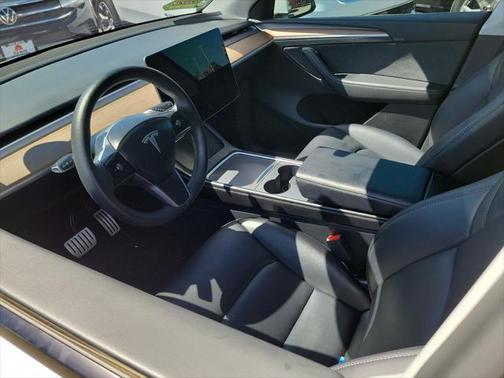 2023 Tesla Model Y Performance Dual Motor All-Wheel Drive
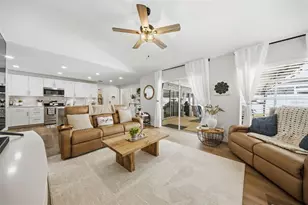 2409 Arborwood Dr, Valrico, FL 33596 - Photo 15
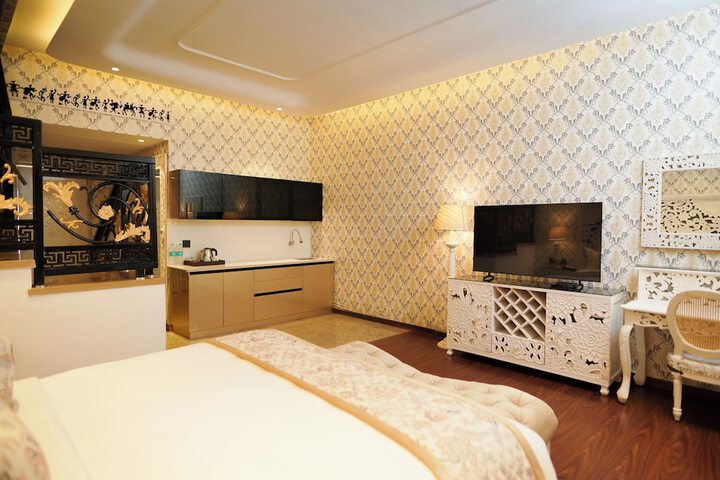 Room 7 of 12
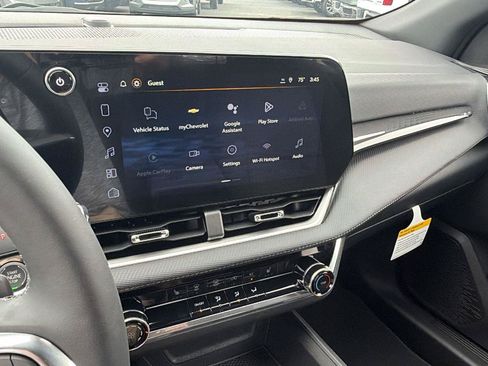New 2026 Chevrolet Equinox LT FWD image 25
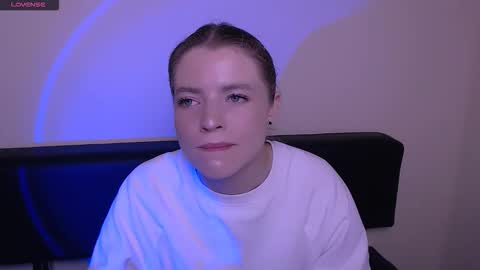 Snapshot of missoliviaa_ chatting on 11.01.25 Olivia online show from 11.01.25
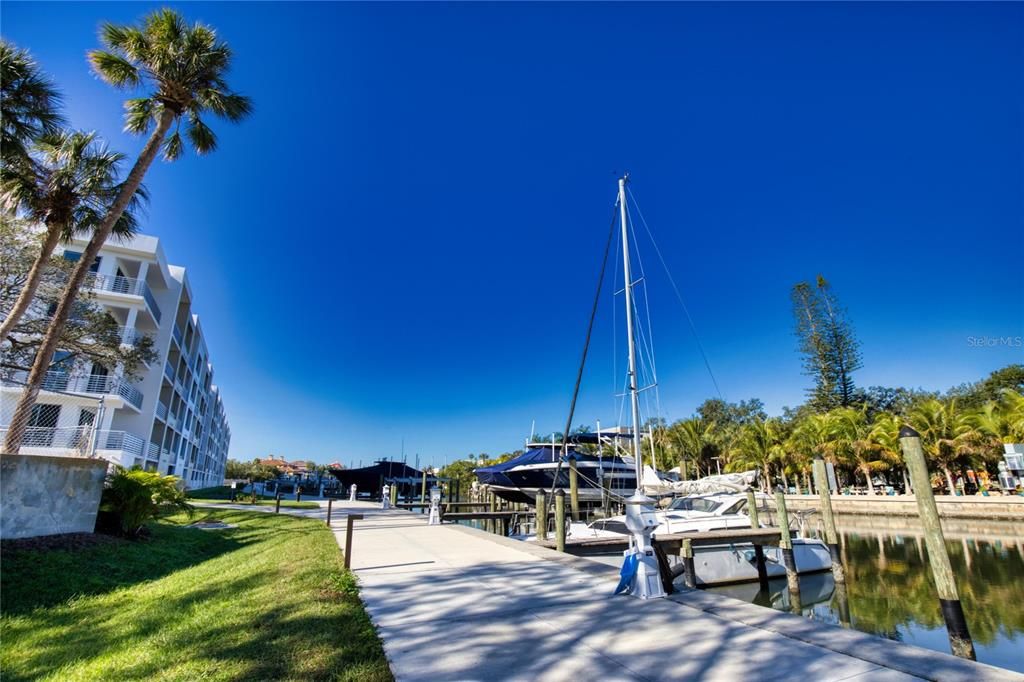 En Venta: $599,900 (1 camas, 2 baños, 858 Pies cuadrados)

| INSTRUCTIONS TO FOLLOW |
Output the data above exactly. Drop every picture.

| EXPECTED ANSWER |
 2023 Tesla Model Y Performance Dual Motor All-Wheel Drive
 2409 Arborwood Dr, Valrico, FL 33596 - Photo 15
 Room 7 of 12
New 2026 Chevrolet Equinox LT FWD image 25
 Snapshot of missoliviaa_ chatting on 11.01.25 Olivia online show from 11.01.25
 En Venta: $599,900 (1 camas, 2 baños, 858 Pies cuadrados)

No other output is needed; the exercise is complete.